### The data:
====================
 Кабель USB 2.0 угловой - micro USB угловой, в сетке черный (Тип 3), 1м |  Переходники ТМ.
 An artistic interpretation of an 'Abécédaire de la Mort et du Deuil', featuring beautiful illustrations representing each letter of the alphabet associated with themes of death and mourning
====================
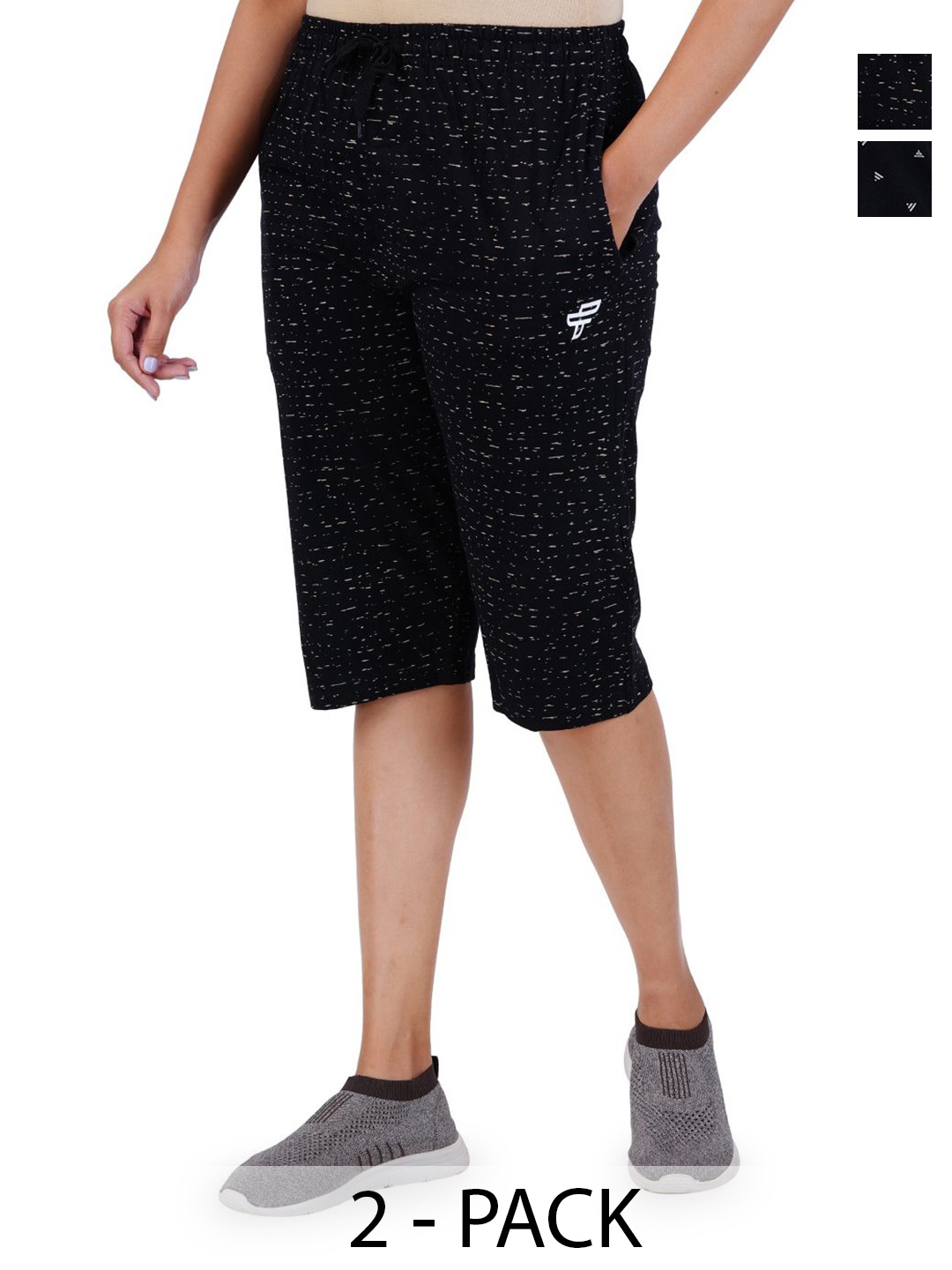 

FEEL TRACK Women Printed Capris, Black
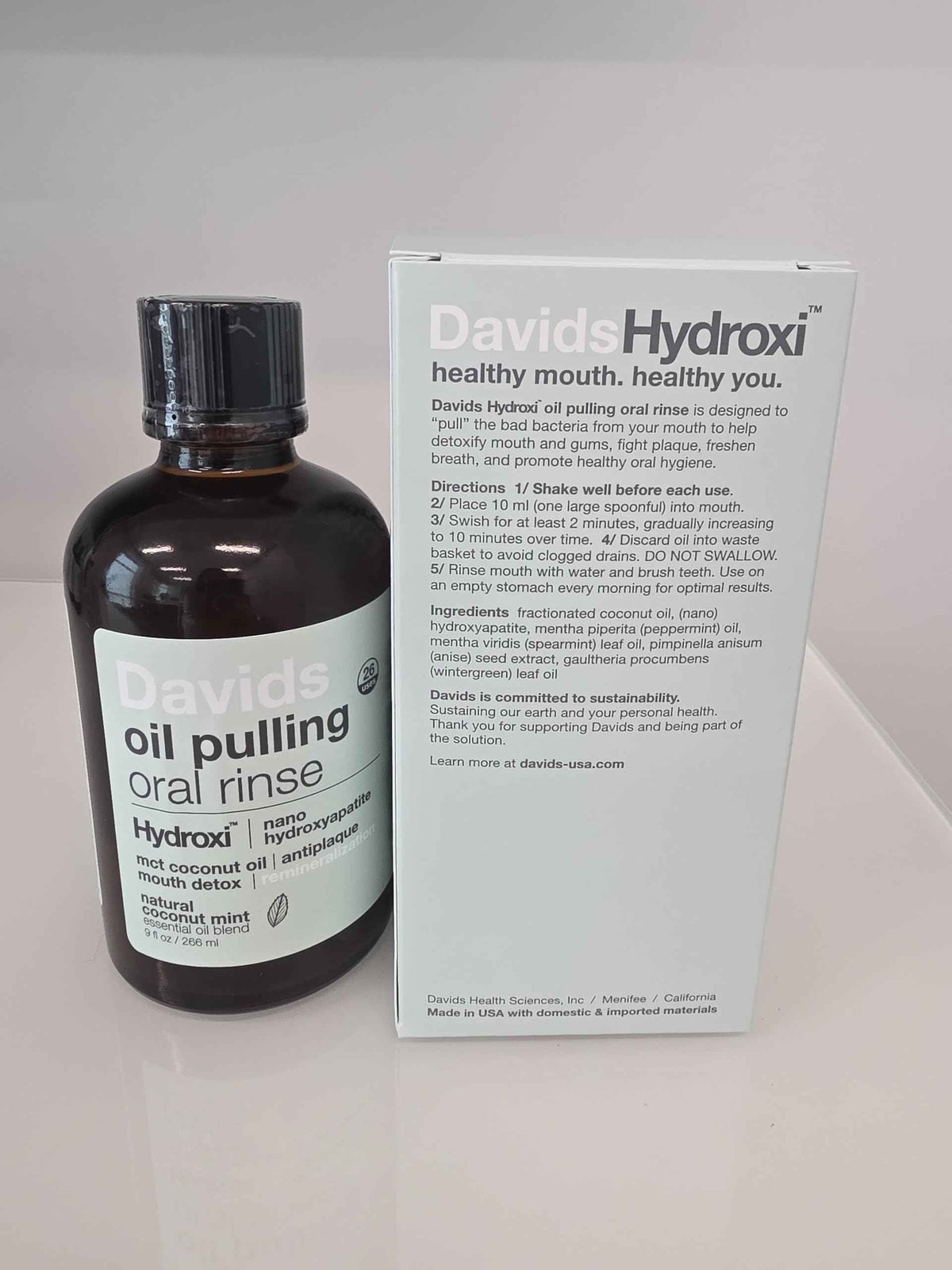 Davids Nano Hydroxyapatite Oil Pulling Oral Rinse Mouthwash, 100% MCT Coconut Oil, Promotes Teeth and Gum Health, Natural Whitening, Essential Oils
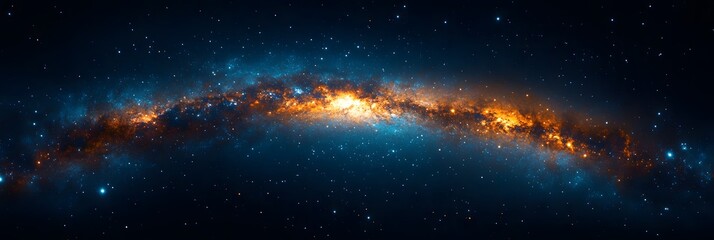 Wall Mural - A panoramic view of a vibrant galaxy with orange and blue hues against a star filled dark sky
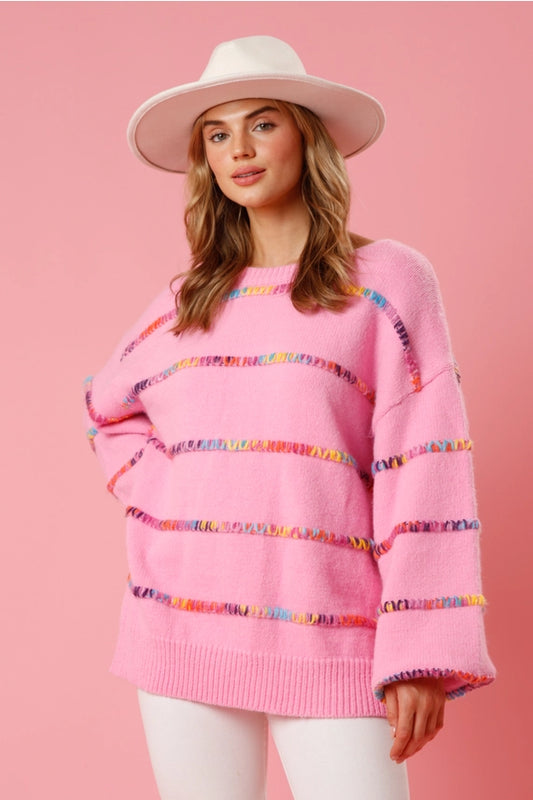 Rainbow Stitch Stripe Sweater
====================
### Task instructions:
Copy nothing but the lines above that run from the one with "Davids Nano Hydroxyapatite" to the one with "Rainbow Stitch Stripe Sweater", ends included; pictures stay out.

### Output of the task:
 Davids Nano Hydroxyapatite Oil Pulling Oral Rinse Mouthwash, 100% MCT Coconut Oil, Promotes Teeth and Gum Health, Natural Whitening, Essential Oils
 Wall Mural - A panoramic view of a vibrant galaxy with orange and blue hues against a star filled dark sky
 Rainbow Stitch Stripe Sweater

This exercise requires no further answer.